# substrate?



## bluenosebully (Jan 23, 2011)

Hi I'm getting ready to set up my 75g for my show tank and I'm looking for substrate advice. I've had fine sand in there before I took it down to move I like the clean natural look of the sand but I can't keep it clean the fish move it and then the waist and sunken food gets buried and even with my water changes and vacuuming I've looked into crushed shells but my lfs knows even less then me any advice would be great


----------



## danilykins (Dec 22, 2010)

I use Activ Flora its suppose to really help with the plants and to supposedly help with cycling. 
Activ·Flora™ Planted Aquarium Substrate by World Wide Imports Ent., Inc.










thats what it looks like in my tank I use the Floralite one


----------



## Gizmo (Dec 6, 2010)

If you're worried about dirty-looking substrate, get a natural or black-colored substrate. I use Fluorite, but Eco-Complete, PC Select (might be the same brand), or any other substrate like that would work great. Sadly, I cannot say I know of any way to keep clean sand looking clean short of vacuuming like there's no tomorrow.

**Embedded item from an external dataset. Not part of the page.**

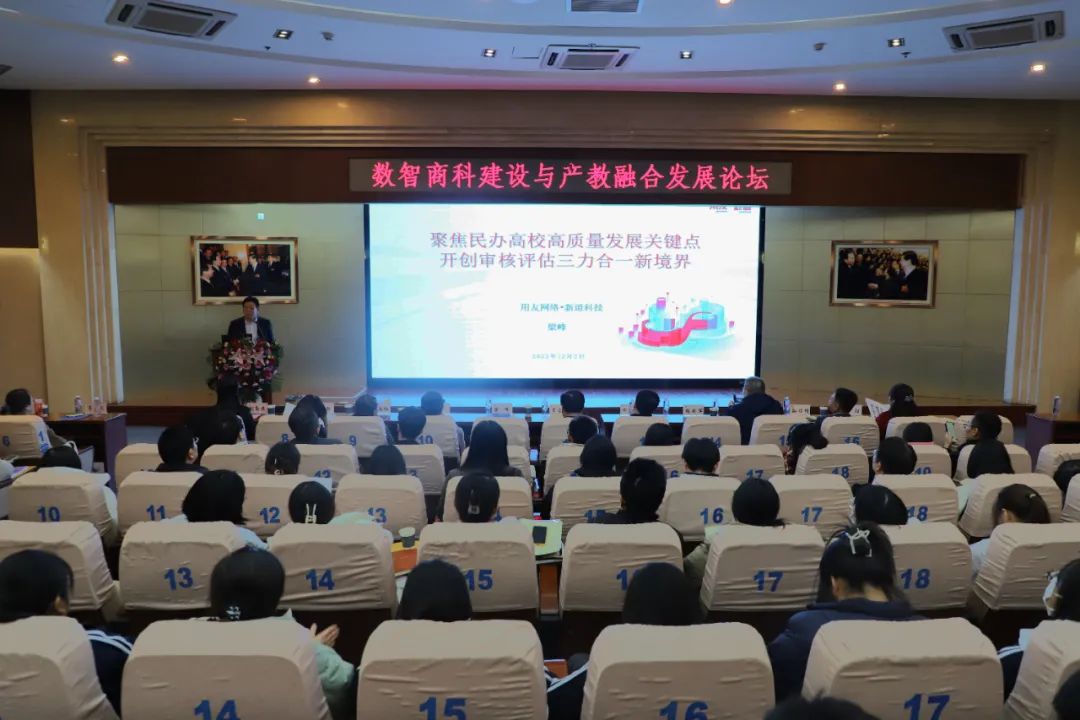 1701669518393968.jpg 数智商科建设与产教融合发展论坛在陕西国际商贸学院成功举行23.jpg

Several other members on here suggest lining the bottom of the tank with some peat moss, 1" thick, before adding the sand. This helps several things like GH buffering and adding nutrients for plants, but I'm very unfamiliar with the method so I cannot say. Peat moss can be found cheaply and easily at most hardware stores in the gardening department.


----------



## majerah1 (Oct 29, 2010)

I use caribsea(same brand as the eco complete,BTW)voodoo river natural substrate.Its black like the eco complete,and is basically the same thing though i think the eco complete adds some nutirents.The grain size of the substrate is from pea sized to sand,and some larger pieces.Plants seem happy with it,they show out very nicely against the black and the fish seem more colorful too.


----------